== Supplied data ==

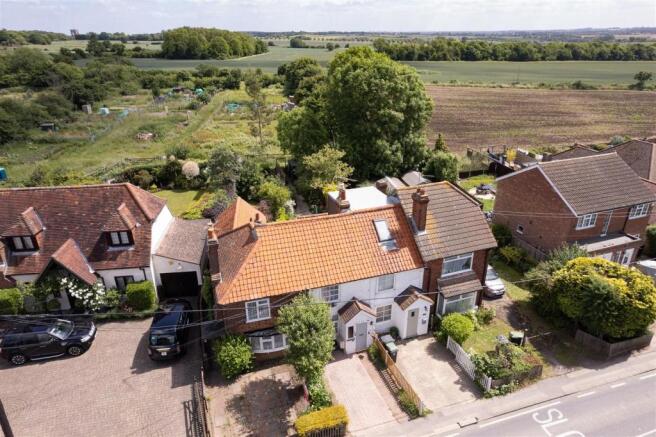 4 Kings Cottages aerial  (1).jpg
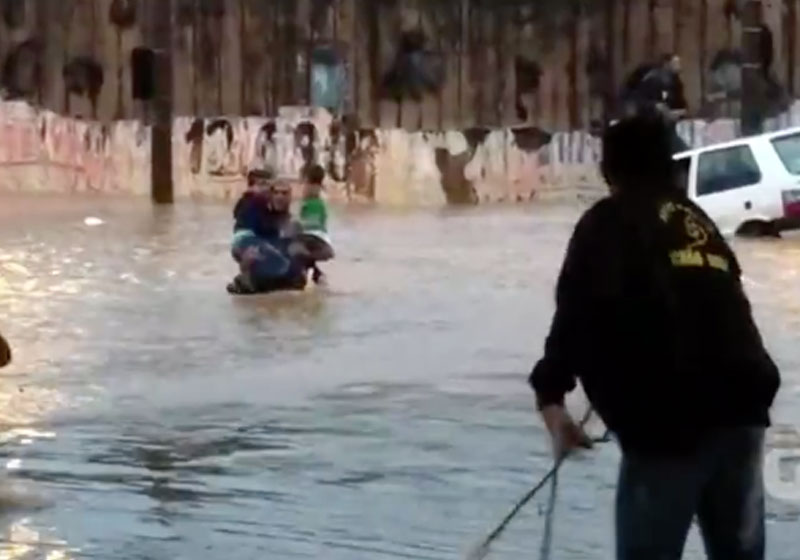 Anderson salvando as duas crianças - Foto: reprodução / G1||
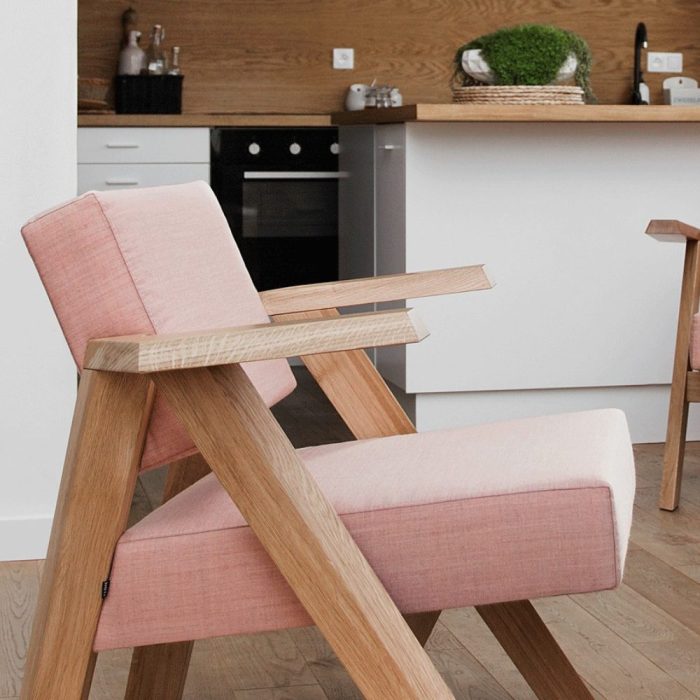 STONE – fauteuil design vintage moderne alliant bois massif et confort ergonomique (5)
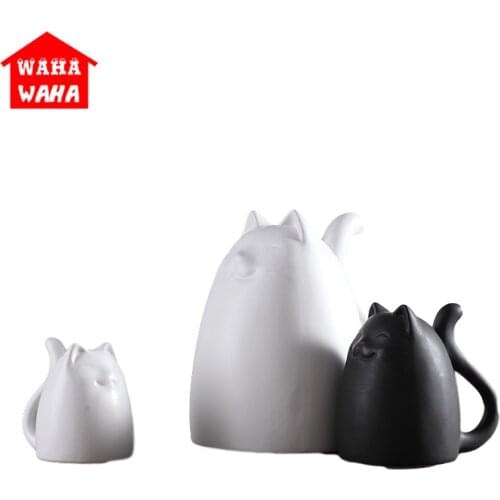 Nordic living room TV cabinet decoration ornaments creative ceramic living room bedroom crafts family of three cat ornaments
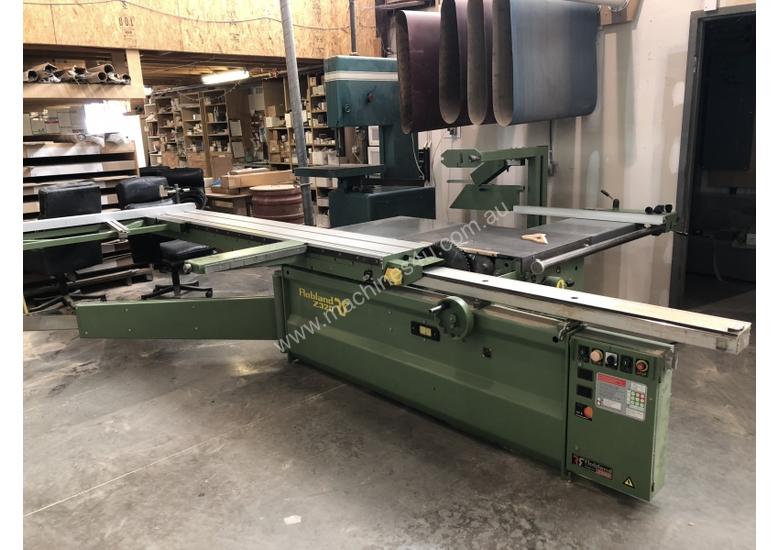caption Robland Z320 Panel Saw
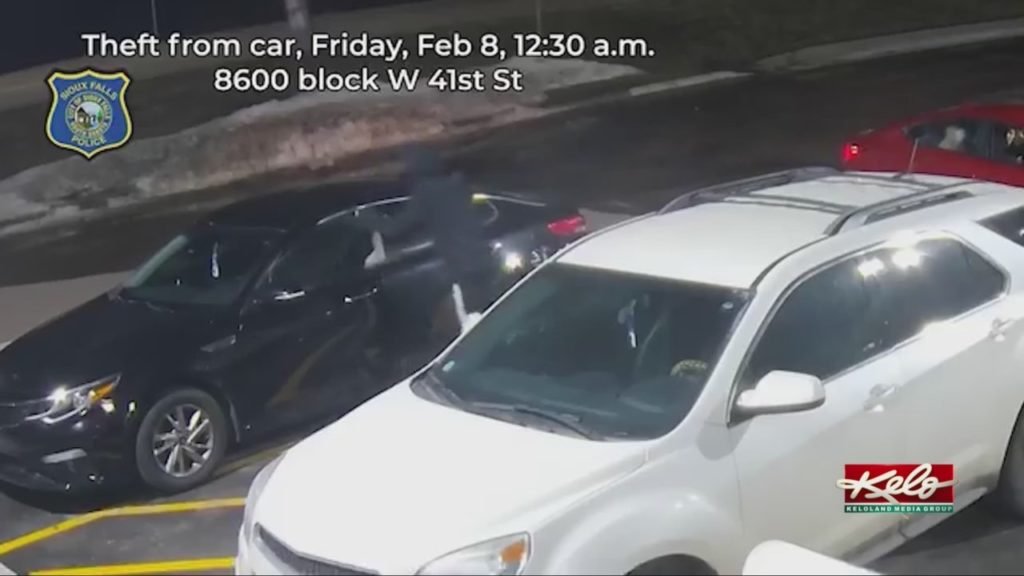 Police investigate car break in - KELOLAND.com
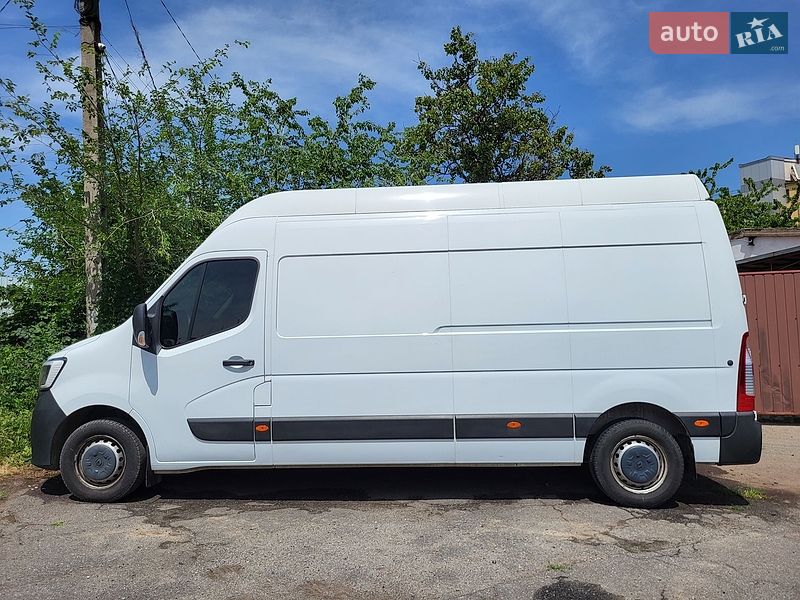 Вантажний фургон Renault Master 2021 в Кривому Розі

===

* _Work instruction_
Leave every picture out and return exactly the lines from the one holding "Police investigate car" through the end of the records above, both ends included, and nothing more.

* _Response to this exercise_
 Police investigate car break in - KELOLAND.com
 Вантажний фургон Renault Master 2021 в Кривому Розі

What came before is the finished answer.